And how far is that exactly? It's almost beyond imagining. Space, you see, is just enormous—just enormous. Let's imagine, for purposes of edification and entertainment, that we are about to go on a journey by rocketship. We won't go terribly far—just to the edge of our own solar system—but we need to get a fix on how big a place space is and what a small part of it we occupy.
Now the bad news, I'm afraid, is that we won't be home for supper. Even at the speed of light, it would take seven hours to get to Pluto. But of course we can't travel at anything like that speed. We'll have to go at the speed of a spaceship, and these are rather more lumbering. The best speeds yet achieved by any human object are those of the Voyager 1 and 2 spacecraft, which are now flying away from us at about thirty-five thousand miles an hour.

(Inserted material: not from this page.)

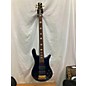 Used Spector Euro5 Electric Bass Guitar thumbnail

The reason the Voyager craft were launched when they were (in August and September 1977) was that Jupiter, Saturn, Uranus, and Neptune were aligned in a way that happens only once every 175 years. This enabled the two Voyagers to use a "gravity assist" technique in which the craft were successively flung from one gassy giant to the next in a kind of cosmic version of "crack the whip." Even so, it took them nine years to reach Uranus and a dozen to cross the orbit of Pluto.
The good news is that if we wait until January 2006 (which is when NASA's New Horizons spacecraft is tentatively scheduled to depart for Pluto) we can take advantage of favorable Jovian positioning, plus some advances in technology, and get there in only a decade or so—though getting home again will take rather longer, I'm afraid. At all events, it's going to be a long trip.